Wie gesagt: Ich habe mir die Zeit mit Büchern vertrieben.
Und jedes, jedes einzelne antwortet:

Akzeptieren.
Annehmen.
Sich fügen.
Erkennen, dass genau dieses hier:
jetzt:
dieser Augenblick unter dem Licht meines hellen Sternes stattfindet.
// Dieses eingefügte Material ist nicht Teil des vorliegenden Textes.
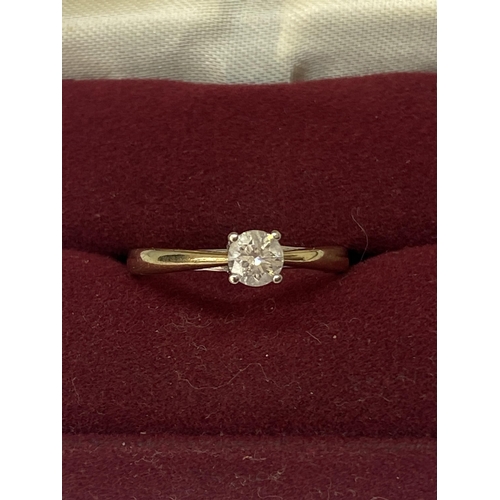 694A - A MARKED 9 CARAT RING WITH 0.33 CARAT SOLITAIRE DIAMOND RING SIZE L IN A PRESENTATION BOX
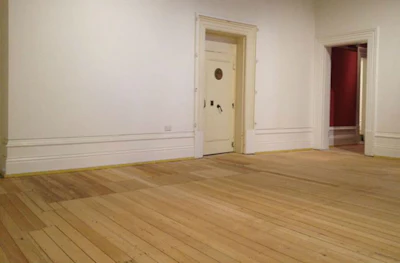 The large patched area in the main gallery is where the hearth for the original 1884 fireplace was located—keeping the staff and customers warm while counting their money.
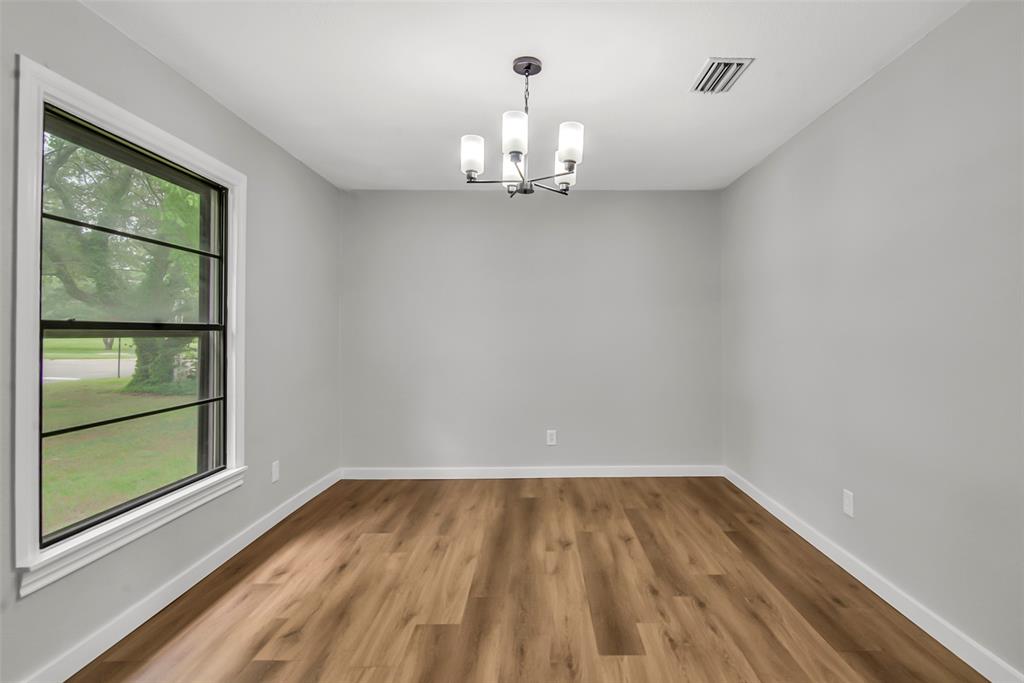 820 Lipscomb Street Bonham, TX 75418 - Photo 9 of 31 a view of empty room with wooden floor and fan
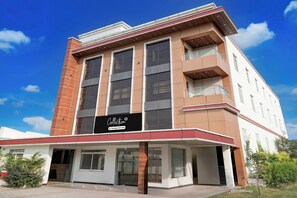 Um edifício de vários andares com uma placa grande chamativa com a palavra 'Collection', janelas amplas e um telhado plano.
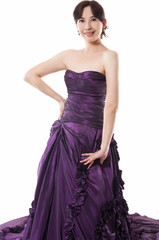 Fototapeta premium beautiful woman model posing in elegant dress posing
Begreifen, das genau in diesem Moment:
jetzt:
in diesem Atemzug
die Gunst der Stunde liegt,
und dass es jetzt exakt die richtige Zeit
und hier genau der richtige Ort für mich ist.

Gott macht keine Fehler.
Ach,
doch religiös geworden unterwegs?
Na bitte.

be water 2

Naja, so richtig erklären kann ich das immer noch nicht. Das heißt, ich trau mich nicht. Und natürlich habe ich meinen Rechner nur angeschaltet, um es doch zu tun. Um mich doch zu trauen. Also gut.
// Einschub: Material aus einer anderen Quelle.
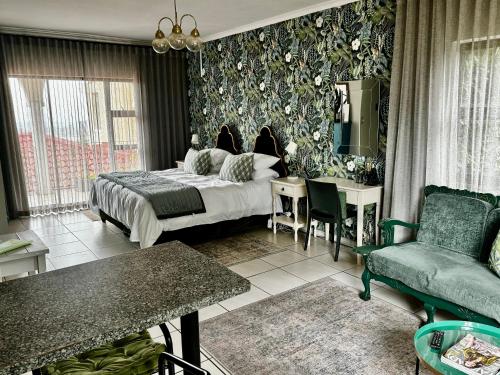 a bedroom with a bed and a table and a chair at Welgemoed Villa in Bellville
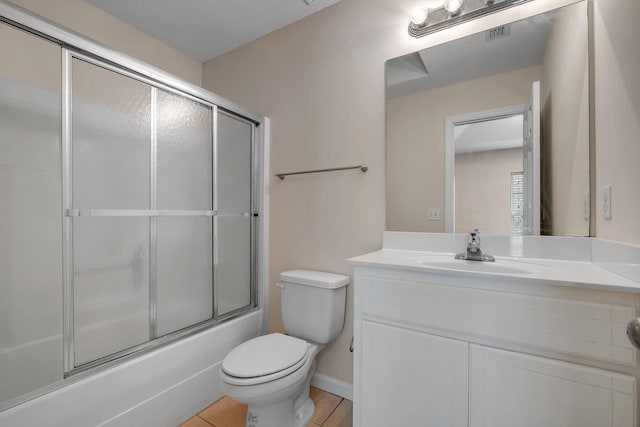 full bathroom with tile patterned flooring, toilet, vanity, and shower / bath combination with glass door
Buddhismus sagt, wir sind alle Teil einer großen Weltseele, und Nirvana bedeutet zu dieser Weltseele zurückzukehren. Wieder mit ihr zu verschmelzen. Wie ein Wassertropfen, der von der Flut an den Strand geschwemmt wurde, und bei der nächsten Woge vom Ozean heim geholt wird. Und während unseres Strandaufenthaltes, den 70 oder 80 Jahren Orientierungslosigkeit also, bleiben wir doch immer verbunden mit unserem Ozean. Wir bestehen letztlich aus Ozean. Wir beinhalten alle seine Bestandteile. Wir haben Erinnerung an ihn. Wir sind ein Ozean im kleinen. Wenn es uns nun gelänge, diese Erinnerung zu beleben, uns darauf zu besinnen, dass wir als Wassertropfen eben nicht dazu verdammt sind im Sande zu versickern oder in der Sonne zu verdunsten, wenn es uns nun gelänge, ebenso zu fließen, wie der Ozean fließt, und nicht im Sande versickert und nicht in der Sonne verdunstet, wenn wir diese Erinnerung erwecken könnten, wären wir geheilt.

Wir müssen fließen lernen. Wir müssen begreifen, dass wir Hindernisse und Probleme, dass wir Sandkörner umfließen oder in uns aufnehmen können. Wir müssen begreifen, dass wir an der Feuchtigkeit anderer Tropfen wachsen können, und das wir von unserer Feuchtigkeit abgeben müssen, wenn wir fließen wollen. Es macht keinen Sinn, sich auf seine Hülle zu konzentrieren, und darauf zu achten alle seine Moleküle beieinander zu halten. Das macht uns klein und schwach und träge. Es gibt keine Stabilität. Es kann keine Planung gebebn, weil der Sand nicht stabil ist, auf dem wir liegen. Weil der Wind sein Spiel mit ihm treibt. Und es gibt keine Vergangenheit, weil wir keine Spuren hinterlassen im Sand, weil der Wind sein Spiel mit ihm treibt. Wir aber müssen fließen. Wie alles fließt. Und unsere Richtung ist immer klar: zurück zum Meer.